Information given section start
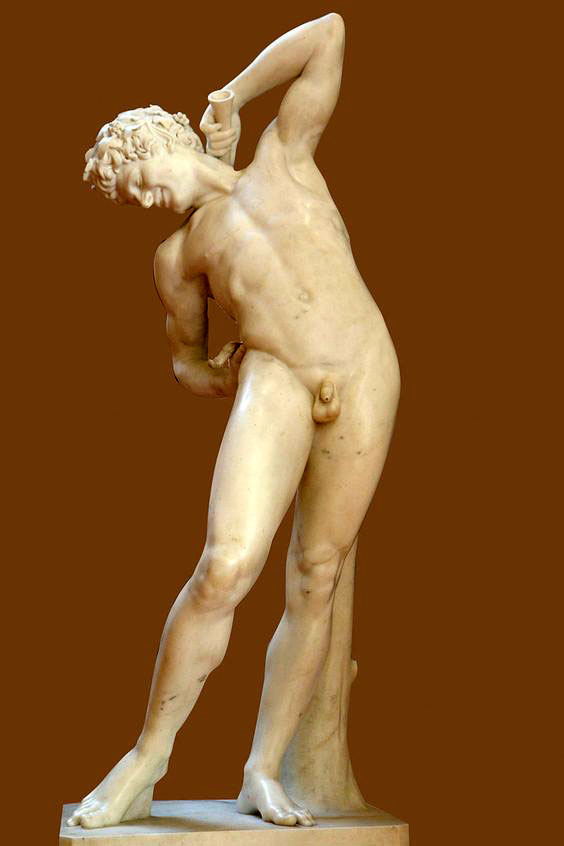 Faune (Фавн), 1841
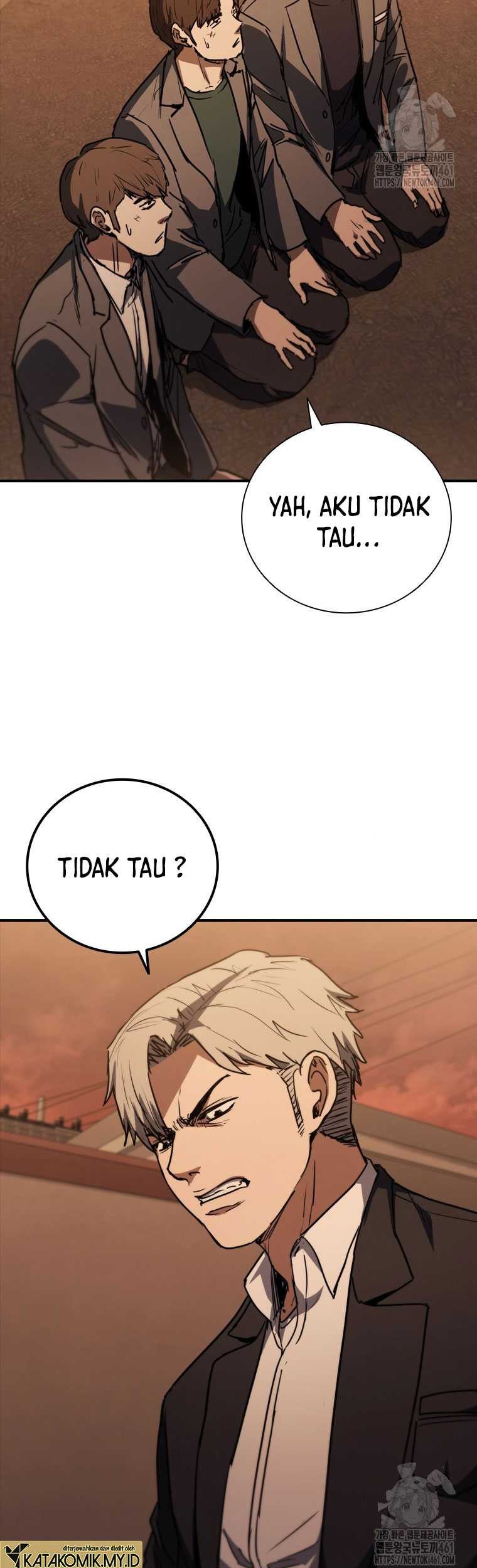 Shark Wyvern Chapter 73 Gambar 44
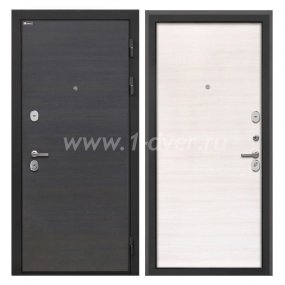 Входная дверь Интекрон Сицилия Remix эковенге поперечный, дуб сильвер поперечный - качественные входные металлические двери (цены) с установкой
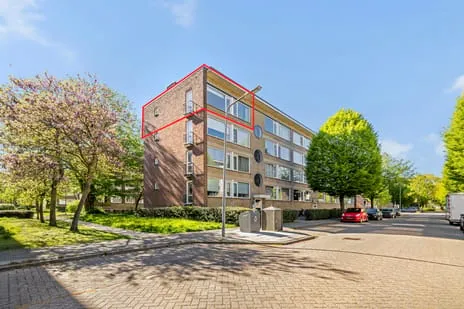 Appartement te koop: Willem de Mérodestraat 96, Weesp Dichtersbuurt Weesp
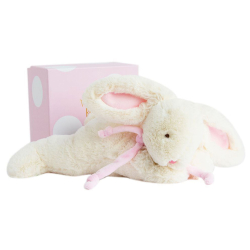 DouDou et Compagnie Lapin Bonbon Zajaik ruov PM 30cm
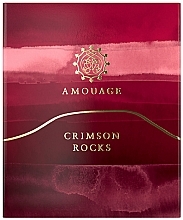 Amouage Crimson Rocks - Eau de Parfum — photo N2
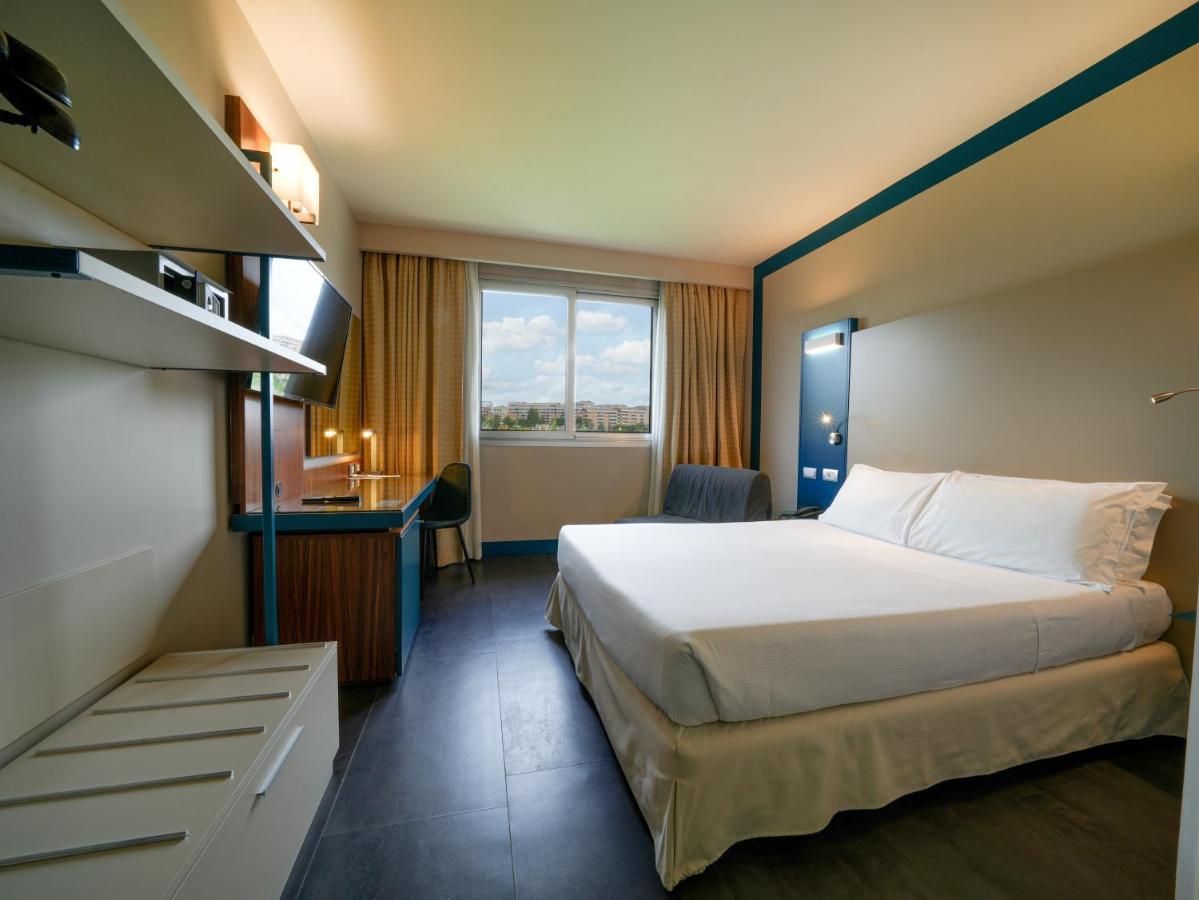 La Meridiana Bleisure Hotel Perugia Ngoại thất bức ảnh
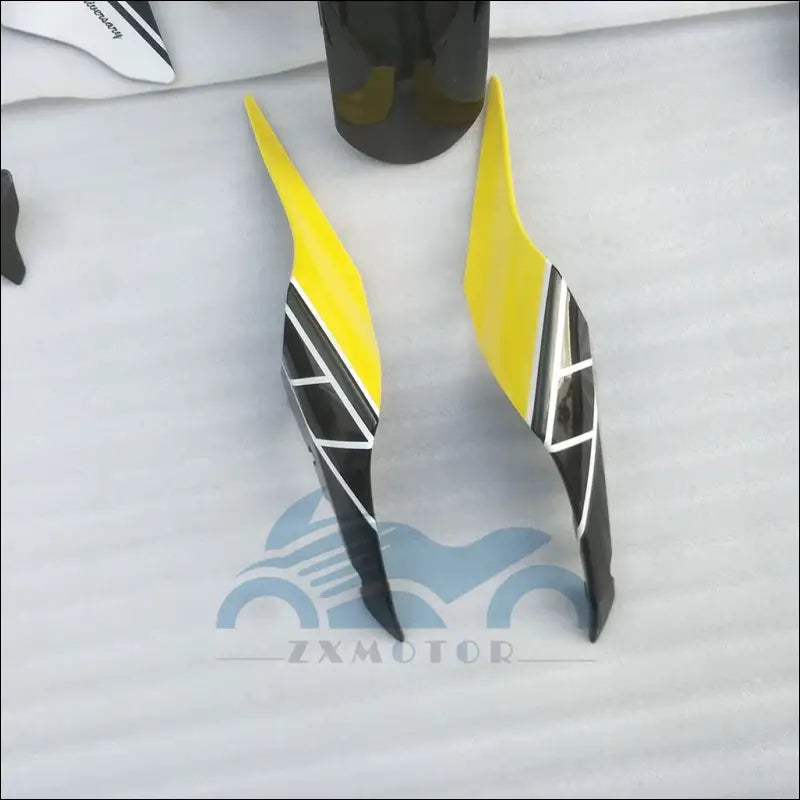 Lackiertes Motorrad Fairing für Yamaha YZF-R1 (2015-2019) | ABS Kunststoff Karosserie in Schwarz & andere Farben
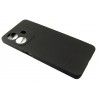 Панель Fine Line Carbon дляOPPO A3 4G (black)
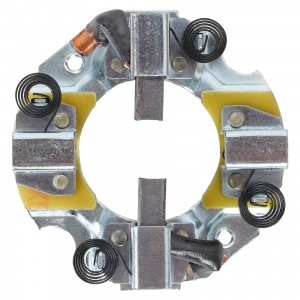Узел щеточный стартера для а/м КАМАЗ с дв. Cummins I6CT/ISCe/ISLe (VBS 0708) VBS 0708 START VOLT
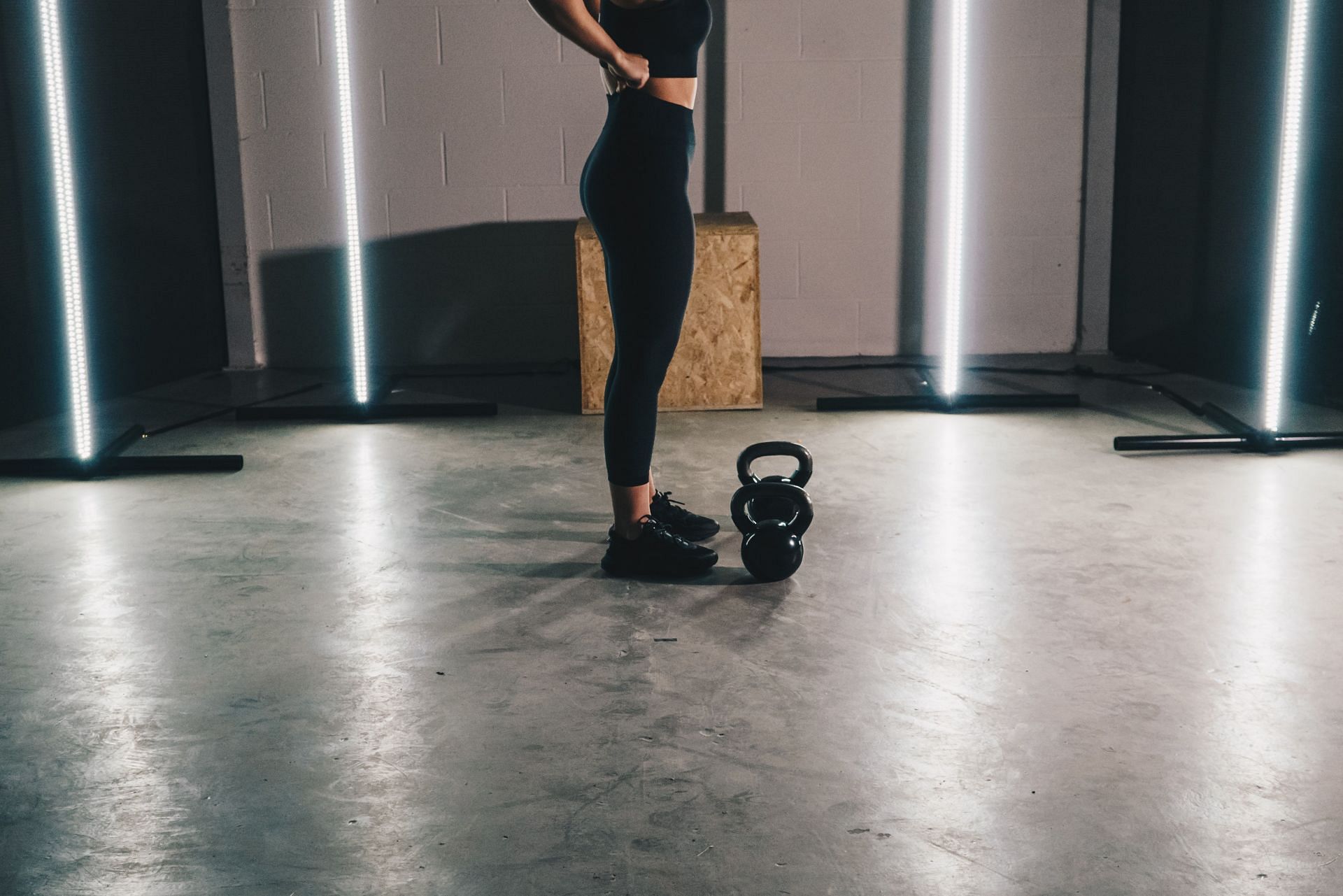 Plie squats are a different kind of traditional squat. (Photo by Ambitious Creative Co. - Rick Barrett on Unsplash)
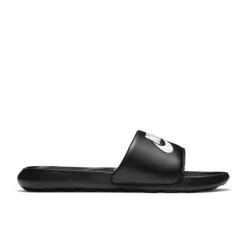 Nike Victori One slippers heren black white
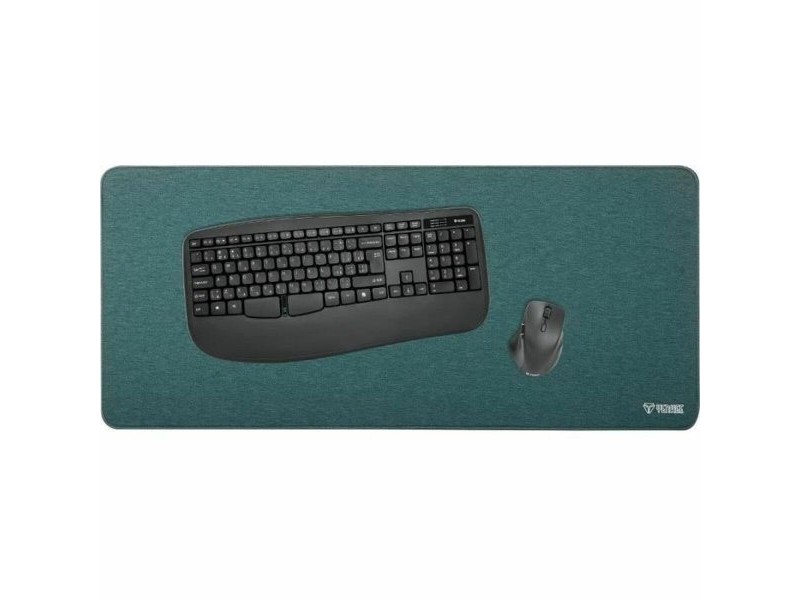 Подложка за мишка Yenkee YPM 9040GN Черен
Information given section end
■ Problem description ■
From the first record above to the last, output each one exactly and omit the pictures.

■ Output ■
 Faune (Фавн), 1841
 Shark Wyvern Chapter 73 Gambar 44
 Входная дверь Интекрон Сицилия Remix эковенге поперечный, дуб сильвер поперечный - качественные входные металлические двери (цены) с установкой
 Appartement te koop: Willem de Mérodestraat 96, Weesp Dichtersbuurt Weesp
 DouDou et Compagnie Lapin Bonbon Zajaik ruov PM 30cm
 Amouage Crimson Rocks - Eau de Parfum — photo N2
 La Meridiana Bleisure Hotel Perugia Ngoại thất bức ảnh
 Lackiertes Motorrad Fairing für Yamaha YZF-R1 (2015-2019) | ABS Kunststoff Karosserie in Schwarz & andere Farben
 Панель Fine Line Carbon дляOPPO A3 4G (black)
Узел щеточный стартера для а/м КАМАЗ с дв. Cummins I6CT/ISCe/ISLe (VBS 0708) VBS 0708 START VOLT
 Plie squats are a different kind of traditional squat. (Photo by Ambitious Creative Co. - Rick Barrett on Unsplash)
 Nike Victori One slippers heren black white
 Подложка за мишка Yenkee YPM 9040GN Черен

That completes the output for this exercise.